Last Wednesday, I attended a meeting at the Frontline Club, which is near Paddington Station in west London. The meeting was devoted to the memory of the great Romanian businessman and freedom-championing newspaper owner Dan Adamescu, and the danger now facing Dan’s son Alexander Adamescu. Some friends of mine are also Friends of Alexander Adamescu, and this is me trying to help them.

Encouraged by the organisers, I took photos at that meeting, photos of very variable quality, because of my woeful inexperience in what for me were very imperfect lighting conditions. But, I hope that the best of them may be of some use to the cause, and assist Alexander Adamescu’s friends in stirring up more media attention.

The cause being that Dan Adamescu was, just over one year ago, imprisoned to death, so to speak, by the government of Romania, and that the government of Romania has for some time now been trying to do something similar to Dan’s son Alexander, after he complained what was being done to his father.

Here is a picture of the big picture of the late Dan Adamescu that presided over the meeting, beneath which sat Alexander Adamescu, who spoke at the meeting:

As you can see, I did a bit of photomanipulation there, to make it clearer what Alexander Adamescu looks like.

Alexander Adamescu now lives in London with his wife (who also spoke most eloquently about Dan Adamescu) and young family. But the government of Romania wants the British government to hand Alexander over to them, so that they can inflict upon him the same sort of parody of justice that they inflicted upon his father. Their instrument of choice to accomplish this is the European Arrest Warrant.

What you think of this matter will depend a lot on what you think of the government of Romania. I recommend a watch of this brief (1m 44s) bit of video to get a better idea than you may have had until now of what the current government of Romania is like. And here is another guy, talking in particular about how the Romanian secret service, of which he used to be a member and from which he resigned because he couldn’t stomach how they were behaving, have been pressurising Romania’s judiciary to deliver the verdicts they want. Another report: here.

At the heart of the Romanian government’s horribleness is that it has set up what it and its supporters describe as an anti-corruption process, but that this process is itself being used in a deeply corrupt way, to settle political scores, by fabricating charges of corruption against people who are being a nuisance to the government. Dan Adamescu, who owned a freedom supporting newspaper, made a big nuisance of himself to the Romanian government, and this is what they did to him.

Defending the rights of a tycoon, and of his son and heir, is maybe not an easy sell. Can such personages not look after themselves? Are there not numerous cases of injustice in the world that are far more deserving of everyone’s attention? Worst of all: given all the smoke that the government of Romania is contriving, might there not be some fire? Maybe Dan Adamescu is guilty.

Personally, I am persuaded that, as so often when governments persecute individuals, this is all smoke and no fire. No, Dan Adamescu was not guilty of any crime, and nor is his son.

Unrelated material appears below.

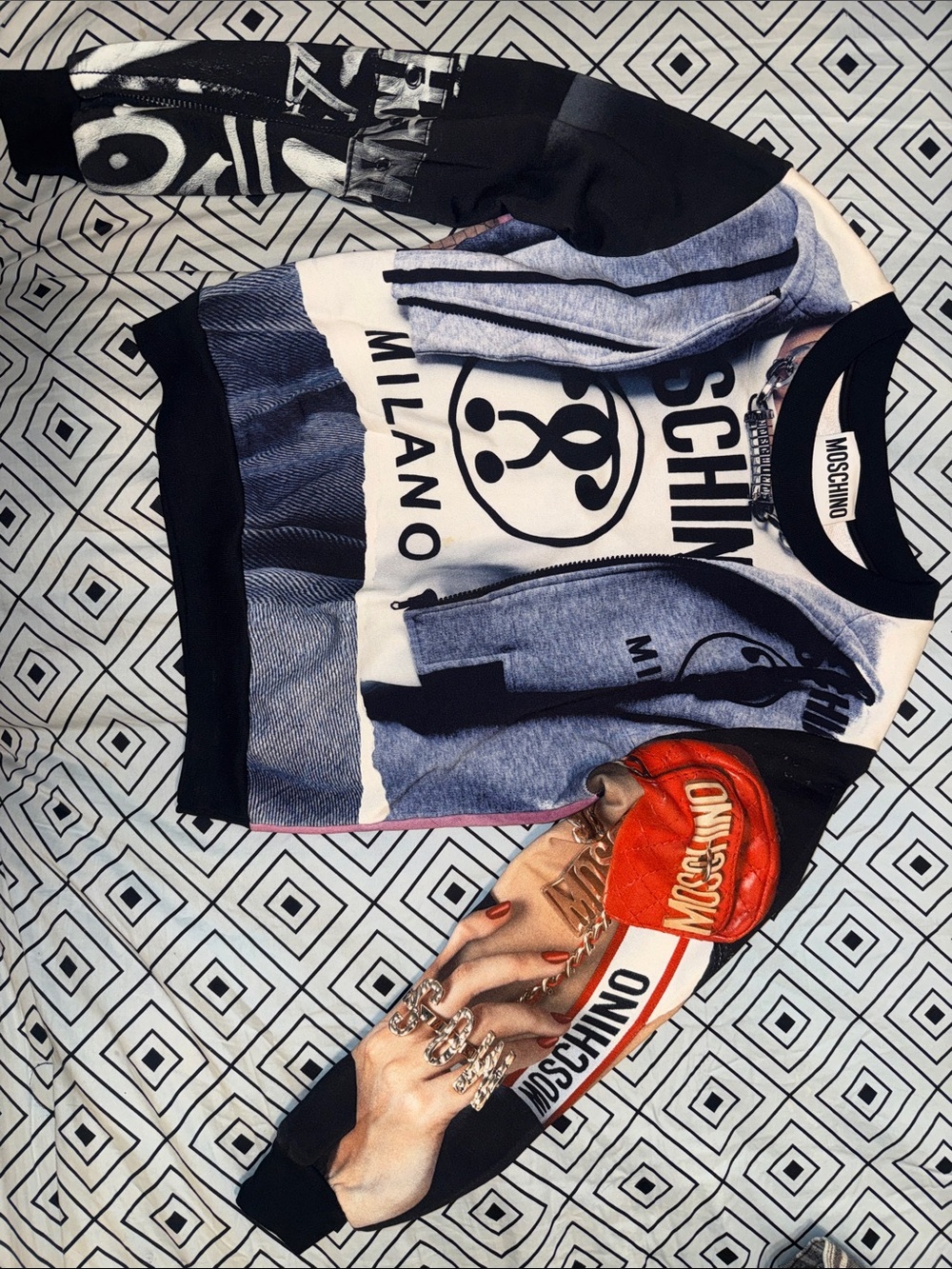 Moschino Multicolor Graphic Logo Pullover with Red Accent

Nor, by the way, is his son’s wife, whom some thugs tried, about a year ago, to kidnap by bundling her into a car, in London. Luckily, a neighbour saw it and the thugs gave up their attempt and drove away without their intended prize. If you believe that this was a coincidence, and had nothing to do with the legal persecution of her husband, then you’ll believe anything.

But what about that “more deserving cases” argument? What I, putting on my English history fanboy hat, would say about that is that a lot in a country hinges upon how the people at the very summit of power treat other powerful but not quite so powerful personages. Here in England, Magna Carta began its life as a piece of written ammunition crafted in the course of a fight between the king of England and the aristocrats of England. Yet, over subsequent centuries, Magna Carta came to mean a great deal more than that, to a great many more people than had originally been envisaged. It isn’t only wealth that trickles down. Human rights, as we now call these things, also trickle down. When grandees treat each other justly, rather than in the barbarous way that Dan Ademescu was treated by the Romanians just above him in the Romanian pecking order, that is good news for all people, not just grandees.

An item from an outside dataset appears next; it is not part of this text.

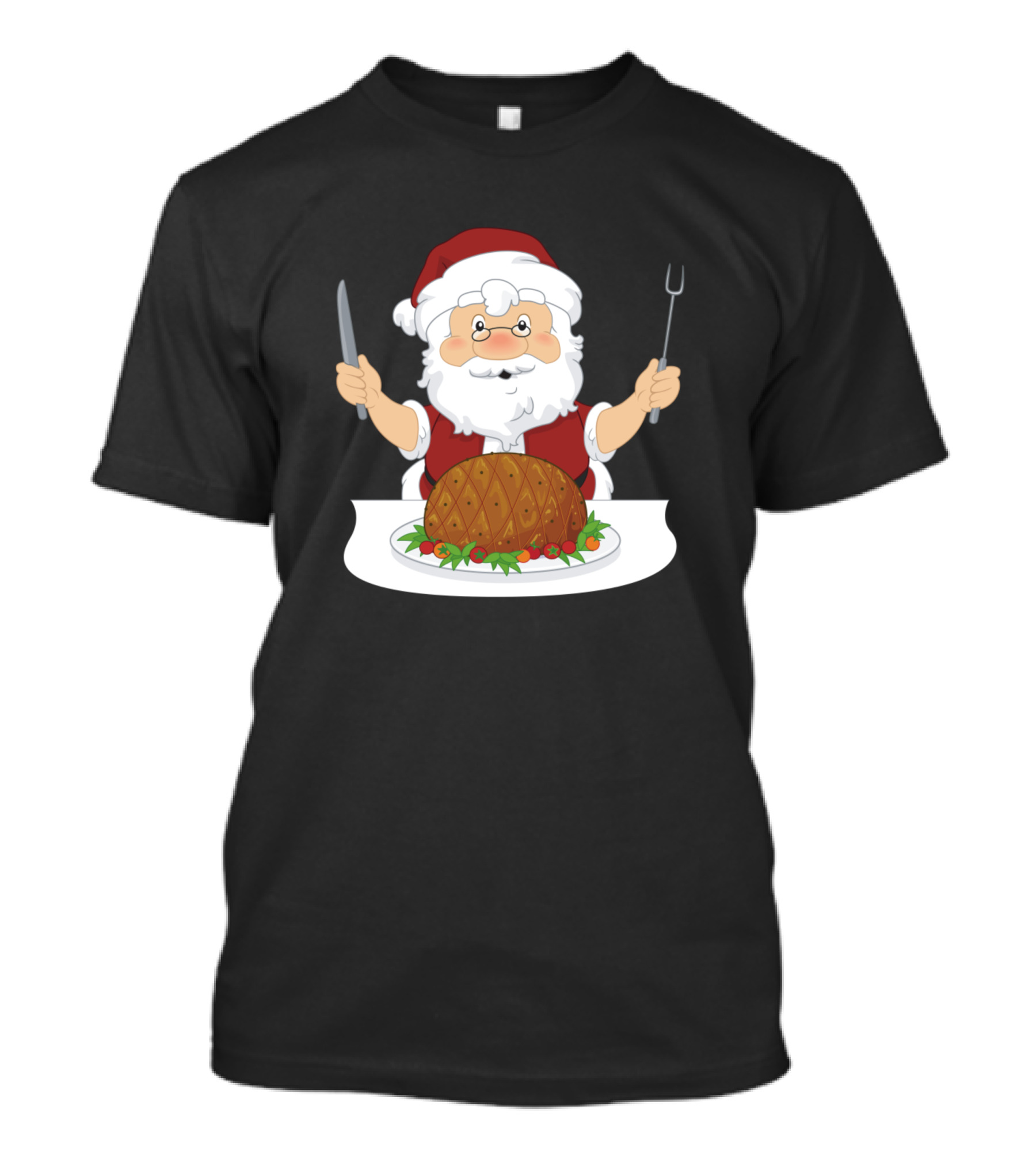 Santa Claus Enjoying Christmas Turkey Dinner T-Shirt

Another example. I remember when I heard about how Nikita Krushchev had been deposed as the boss of the USSR, but not killed. This was in 1964 and I was pretty young at the time, but even then, I think I knew that this was some kind of turning point for Soviet Russia, and not in a bad way. Intrinsic to the terror that had prevailed throughout the USSR under Krushchev’s abominable predecessor, Joseph Stalin, was that Stalin’s immediate circle of underlings also existed in a state of abject terror.

If you live in a world where accomplished, charismatic and rich personages like Dan Adamescu are not safe, nobody is. If, on the other hand, such grandees are treated with justice rather than with brutality, everyone else has a better chance of getting fair treatment also.

34 comments to The government of Romania versus the Adamescu family

  • Paul Marks

    The European Union spends a lot of time bashing Poland – which is NOT a tyranny. Yet it ignores what is happening in Romania – which actually is terrible.

    Would someone please explain this.

    As for Brian’s point about the rule of law for everyone or for no one – yes I agree. Contrary to Thomas Hobbes if someone else is attacked by the state (even someone I do not like for X,Y,Z reasons) it is very much my business. One should stand for the rights of other human beings (including ones one does not like) against a state that seeks to rob or murder them, even if this means that one loses one’s own life.

    Brute survival (as an animal or a flesh robot) is not enough – what matters is survival as a human being (a moral agent, an “I” – contrary to David Hume), if one can not have that then (contrary to flesh robot Thomas Hobbes) better DEATH.

    We must not accept the “euthanasia of the constitution” (what Mr Hume regarded as a trivial event – or even something to be supported), we must stand up for the fundamental liberties of persons (moral agency), both at home and abroad. For we are all human beings (regardless of the country we are in) with fundamental rights under natural moral law.

  • Michael Taylor

    Sounds like nothing much has changed since the Balkans Trilogy.

  • Mr Ecks

    Is there owt practical to be done? Is money needed or would a complaint to their Embassy have any positive effect? If so where should both/either be sent?

  • Alisa

    You may have missed this bit, Mr. Ecks.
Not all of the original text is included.